• WORK TO BE COMPLETED:
With the pictures omitted, repeat exactly the lines below starting with the line that has "Pumpkin Butter Chicken, with" and going on through the line that has "man whose brain".

• THE INPUT:
• • • • •

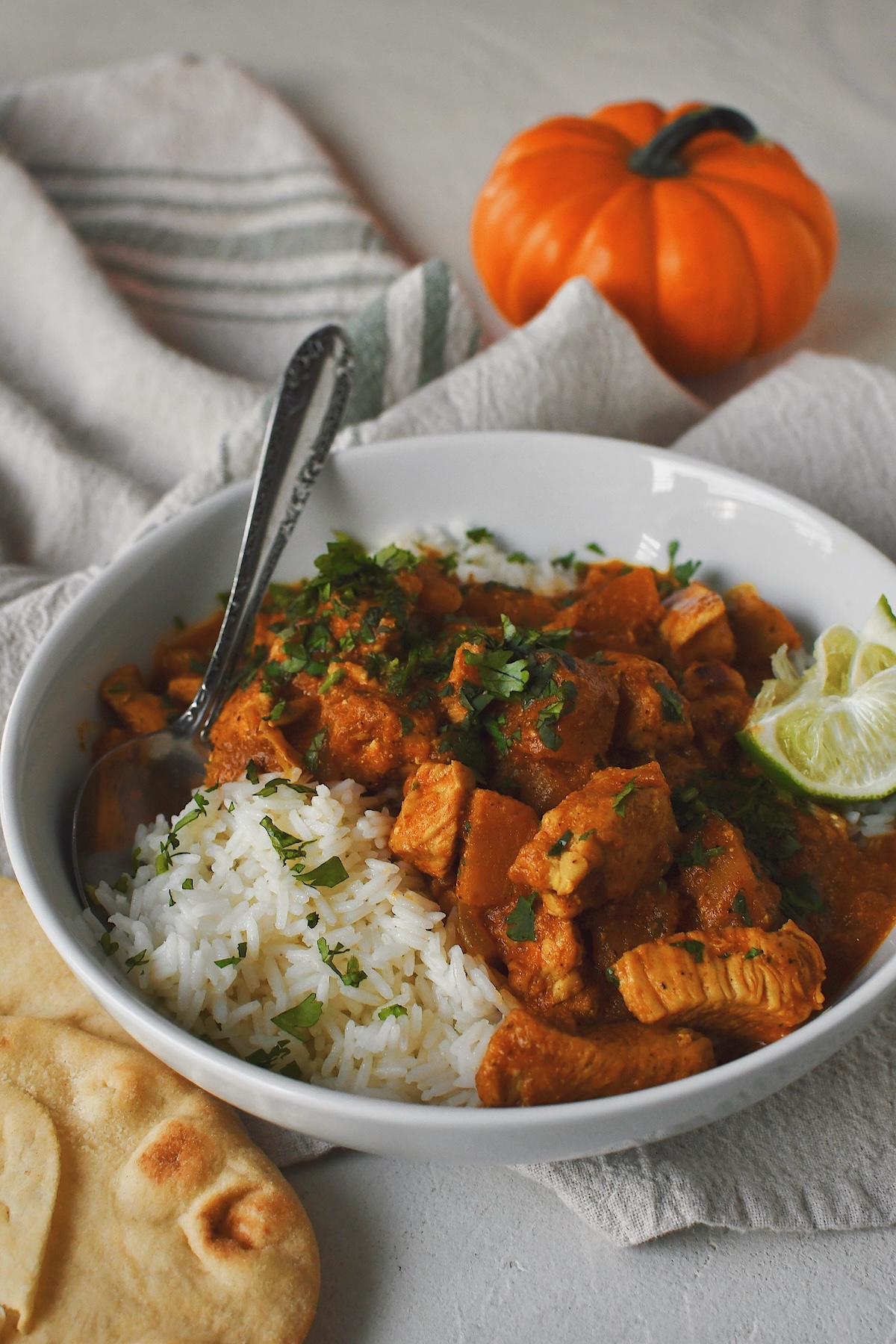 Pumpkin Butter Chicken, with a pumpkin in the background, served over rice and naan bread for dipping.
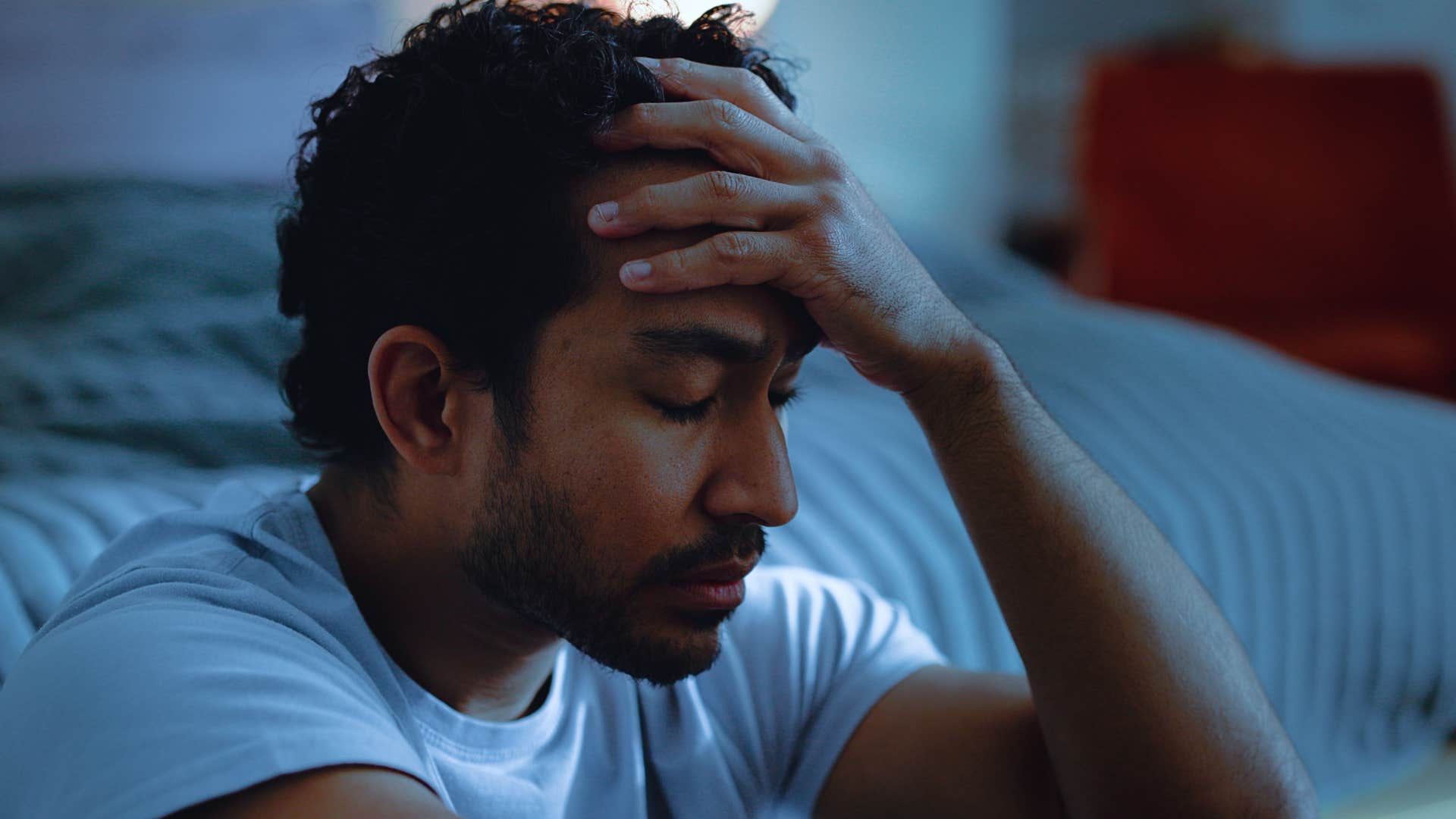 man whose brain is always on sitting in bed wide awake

• • • • •

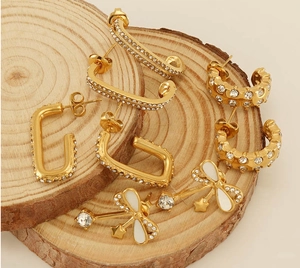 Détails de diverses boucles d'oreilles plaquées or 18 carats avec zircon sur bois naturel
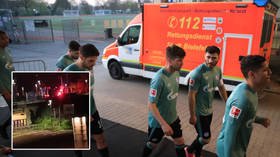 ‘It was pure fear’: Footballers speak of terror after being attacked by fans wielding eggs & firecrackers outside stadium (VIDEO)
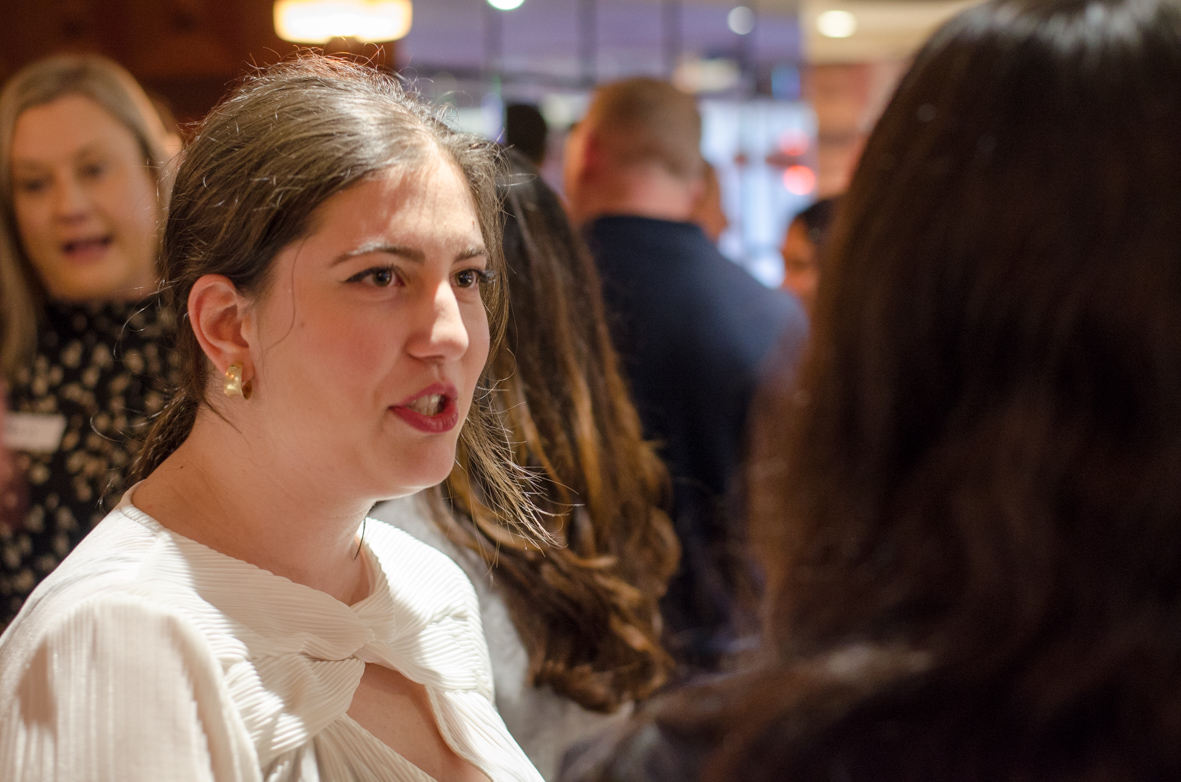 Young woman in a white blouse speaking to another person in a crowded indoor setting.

• • • • •

• OUTPUT FOR THIS TASK:
 Pumpkin Butter Chicken, with a pumpkin in the background, served over rice and naan bread for dipping.
 man whose brain is always on sitting in bed wide awake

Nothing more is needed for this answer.